### Assigned task
Take the material below and output exactly the run of lines from the one containing "SALE EUC Aeropostale" down to the one containing "2024 RAM 3500", with both included.

### Dataset content
═══
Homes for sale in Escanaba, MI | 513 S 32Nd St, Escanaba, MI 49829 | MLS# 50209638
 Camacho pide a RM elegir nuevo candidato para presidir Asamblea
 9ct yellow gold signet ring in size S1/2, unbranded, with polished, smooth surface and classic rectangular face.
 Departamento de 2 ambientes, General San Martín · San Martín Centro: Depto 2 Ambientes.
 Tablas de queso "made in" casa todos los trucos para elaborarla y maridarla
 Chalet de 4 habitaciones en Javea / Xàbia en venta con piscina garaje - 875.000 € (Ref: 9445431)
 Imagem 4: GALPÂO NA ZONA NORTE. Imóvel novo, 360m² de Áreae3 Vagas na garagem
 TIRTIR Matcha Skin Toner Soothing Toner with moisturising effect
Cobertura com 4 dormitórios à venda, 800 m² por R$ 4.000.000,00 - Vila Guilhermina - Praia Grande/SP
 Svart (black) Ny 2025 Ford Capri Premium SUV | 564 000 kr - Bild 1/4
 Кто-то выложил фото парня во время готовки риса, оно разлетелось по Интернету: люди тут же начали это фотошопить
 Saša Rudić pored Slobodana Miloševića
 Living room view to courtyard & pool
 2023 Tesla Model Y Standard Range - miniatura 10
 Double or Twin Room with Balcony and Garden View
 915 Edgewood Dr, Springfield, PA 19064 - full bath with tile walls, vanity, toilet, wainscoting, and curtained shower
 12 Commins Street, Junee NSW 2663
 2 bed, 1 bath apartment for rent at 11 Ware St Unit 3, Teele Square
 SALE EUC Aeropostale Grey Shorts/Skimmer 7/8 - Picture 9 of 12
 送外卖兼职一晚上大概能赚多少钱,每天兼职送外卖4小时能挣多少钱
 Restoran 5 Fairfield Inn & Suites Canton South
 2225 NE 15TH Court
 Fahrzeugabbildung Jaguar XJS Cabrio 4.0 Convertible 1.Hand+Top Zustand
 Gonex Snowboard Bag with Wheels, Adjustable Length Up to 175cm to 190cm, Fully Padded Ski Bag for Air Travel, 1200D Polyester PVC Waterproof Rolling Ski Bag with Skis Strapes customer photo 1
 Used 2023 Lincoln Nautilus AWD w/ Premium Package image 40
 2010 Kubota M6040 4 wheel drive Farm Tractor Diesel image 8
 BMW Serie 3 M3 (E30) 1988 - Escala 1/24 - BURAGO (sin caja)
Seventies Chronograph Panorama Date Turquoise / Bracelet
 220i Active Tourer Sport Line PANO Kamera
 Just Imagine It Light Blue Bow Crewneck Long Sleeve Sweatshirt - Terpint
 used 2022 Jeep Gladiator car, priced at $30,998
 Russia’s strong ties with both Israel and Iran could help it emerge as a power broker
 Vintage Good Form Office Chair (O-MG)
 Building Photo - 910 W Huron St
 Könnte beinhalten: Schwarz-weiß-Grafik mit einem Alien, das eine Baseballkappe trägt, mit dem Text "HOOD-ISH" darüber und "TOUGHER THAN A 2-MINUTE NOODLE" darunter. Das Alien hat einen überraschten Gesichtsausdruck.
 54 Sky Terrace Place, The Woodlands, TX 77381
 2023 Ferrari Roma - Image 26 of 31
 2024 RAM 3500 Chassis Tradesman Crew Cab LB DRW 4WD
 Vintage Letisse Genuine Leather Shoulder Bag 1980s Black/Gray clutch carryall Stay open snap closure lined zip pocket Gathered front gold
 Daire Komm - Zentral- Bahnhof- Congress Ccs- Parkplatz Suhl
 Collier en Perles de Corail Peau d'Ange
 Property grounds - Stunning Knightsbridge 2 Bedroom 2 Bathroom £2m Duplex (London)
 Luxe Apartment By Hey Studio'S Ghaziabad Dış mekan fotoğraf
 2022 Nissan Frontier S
═══
### Answer space
 SALE EUC Aeropostale Grey Shorts/Skimmer 7/8 - Picture 9 of 12
 送外卖兼职一晚上大概能赚多少钱,每天兼职送外卖4小时能挣多少钱
 Restoran 5 Fairfield Inn & Suites Canton South
 2225 NE 15TH Court
 Fahrzeugabbildung Jaguar XJS Cabrio 4.0 Convertible 1.Hand+Top Zustand
 Gonex Snowboard Bag with Wheels, Adjustable Length Up to 175cm to 190cm, Fully Padded Ski Bag for Air Travel, 1200D Polyester PVC Waterproof Rolling Ski Bag with Skis Strapes customer photo 1
 Used 2023 Lincoln Nautilus AWD w/ Premium Package image 40
 2010 Kubota M6040 4 wheel drive Farm Tractor Diesel image 8
 BMW Serie 3 M3 (E30) 1988 - Escala 1/24 - BURAGO (sin caja)
Seventies Chronograph Panorama Date Turquoise / Bracelet
 220i Active Tourer Sport Line PANO Kamera
 Just Imagine It Light Blue Bow Crewneck Long Sleeve Sweatshirt - Terpint
 used 2022 Jeep Gladiator car, priced at $30,998
 Russia’s strong ties with both Israel and Iran could help it emerge as a power broker
 Vintage Good Form Office Chair (O-MG)
 Building Photo - 910 W Huron St
 Könnte beinhalten: Schwarz-weiß-Grafik mit einem Alien, das eine Baseballkappe trägt, mit dem Text "HOOD-ISH" darüber und "TOUGHER THAN A 2-MINUTE NOODLE" darunter. Das Alien hat einen überraschten Gesichtsausdruck.
 54 Sky Terrace Place, The Woodlands, TX 77381
 2023 Ferrari Roma - Image 26 of 31
 2024 RAM 3500 Chassis Tradesman Crew Cab LB DRW 4WD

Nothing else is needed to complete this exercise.